I also found out the enclosure with the PCIe to PCI adapter that I bought elsewhere to use with my old RME 9632 says in the manual it's not suited from "PCI cards with DSPs". So there's some uncertainty if I can get that to work (similar PCIe to PCI adapters seemed to work fine for others, so I'm hoping they meant something specific.).


----------



## will_m (Jan 6, 2020)

dadadave said:


> I'll be happy to report but it's probably going to be quite a while.

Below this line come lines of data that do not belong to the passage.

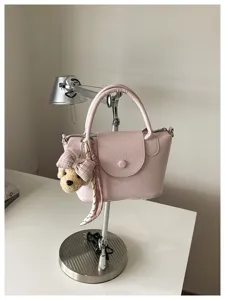Roze lederen emmertas met schattige puppy hanger, stijlvolle schouder- en handtas.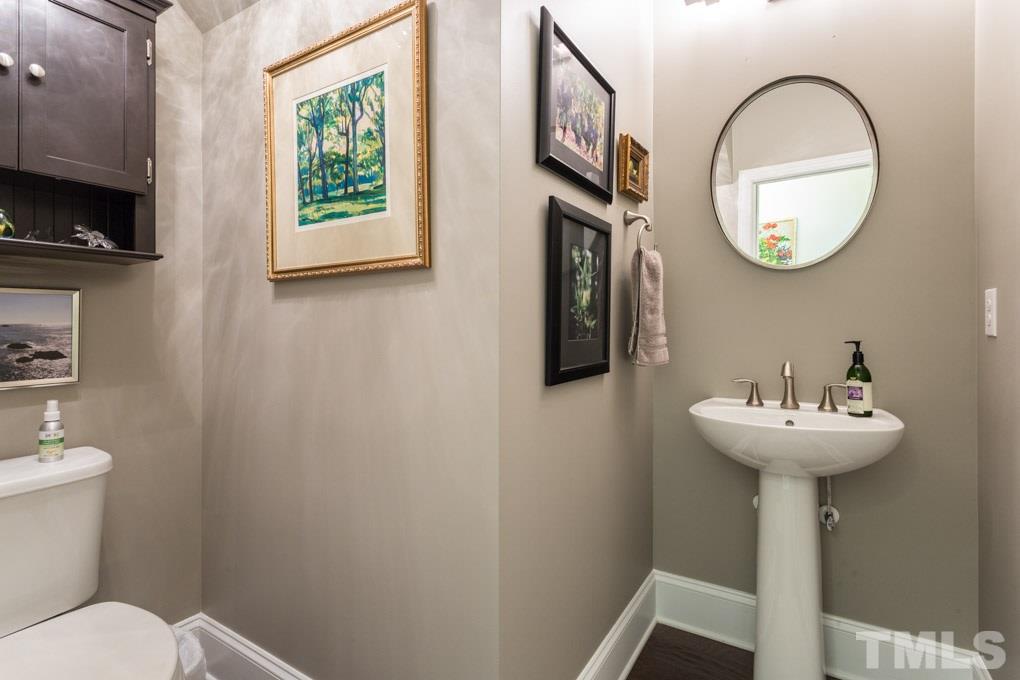 4020 Windflower Lane Raleigh, NC 27612 - Photo 14 of 29 a bathroom with a sink and a mirror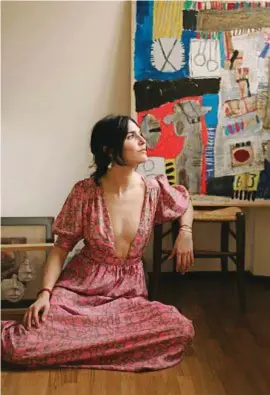  ??  ?? DREAMER Paola Mapelli, 32 anni, imprenditr­ice (metà del duo The Maptique): bergamasca, qui è nella sua casa di Milano e indossa un abito di seta sostenibil­e, Hannah Artwear. Alla parete un’opera di Alfonso Mangone.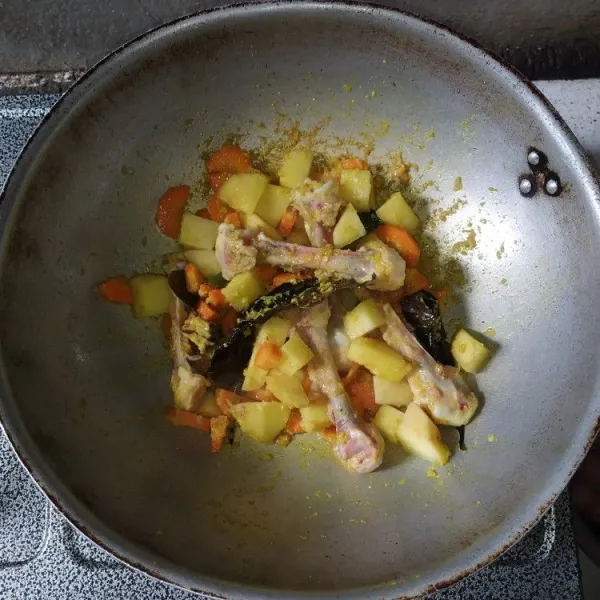 Masukkan wortel, kentang dan tulang ayam, aduk hingga bumbu rata.
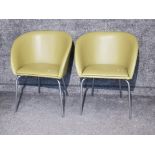 Pair of lime green leatherette tub chairs on chrome effect leg supports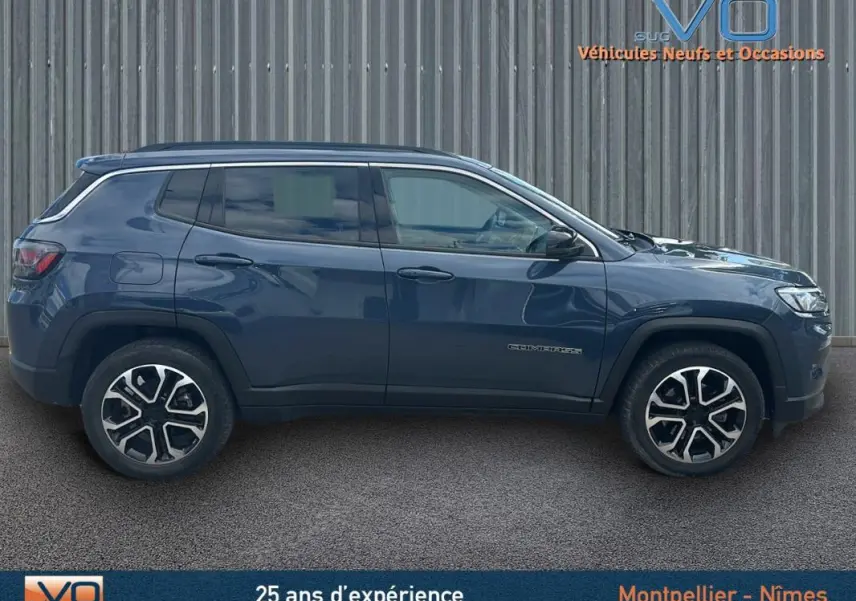 Profil latéral droit d'un Jeep Compass bleu 2023 avec jantes 18 pouces et barres de toit visibles sur fond neutre.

Since I'm not in the UK, I had to order via email and it's been over a week since I last heard from them (which I'm sure it's just the holidays interfering, but still is taking longer than expected), so I don't think they've even started building it.
> 
> I also found out the enclosure with the PCIe to PCI adapter that I bought elsewhere to use with my old RME 9632 says in the manual it's not suited from "PCI cards with DSPs". So there's some uncertainty if I can get that to work (similar PCIe to PCI adapters seemed to work fine for others, so I'm hoping they meant something specific.).



Ah no worries, hope your system arrives soon and you can get the RME working.


----------



## Shad0wLandsUK (Jan 11, 2020)

Definitely keeping me eye on this thread...
Also thinking about a 3950x build sometime in the future!


----------